(Dataset excerpts)
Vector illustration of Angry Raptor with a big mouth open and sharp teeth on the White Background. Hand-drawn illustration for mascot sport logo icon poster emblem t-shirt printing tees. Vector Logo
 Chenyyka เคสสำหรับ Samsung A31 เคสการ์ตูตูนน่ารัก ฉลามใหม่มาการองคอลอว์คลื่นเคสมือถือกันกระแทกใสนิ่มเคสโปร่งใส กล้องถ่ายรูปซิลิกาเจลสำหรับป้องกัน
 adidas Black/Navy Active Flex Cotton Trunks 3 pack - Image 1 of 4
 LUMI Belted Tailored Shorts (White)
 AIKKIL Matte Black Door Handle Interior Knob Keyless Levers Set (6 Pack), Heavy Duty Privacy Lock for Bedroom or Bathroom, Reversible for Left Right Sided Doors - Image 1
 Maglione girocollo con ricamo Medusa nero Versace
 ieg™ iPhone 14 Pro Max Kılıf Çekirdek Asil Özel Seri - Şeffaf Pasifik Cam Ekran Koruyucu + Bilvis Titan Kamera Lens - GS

- Your instructions -
If a line in the entries contains "Black", copy it.

- Exercise result -
 adidas Black/Navy Active Flex Cotton Trunks 3 pack - Image 1 of 4
 AIKKIL Matte Black Door Handle Interior Knob Keyless Levers Set (6 Pack), Heavy Duty Privacy Lock for Bedroom or Bathroom, Reversible for Left Right Sided Doors - Image 1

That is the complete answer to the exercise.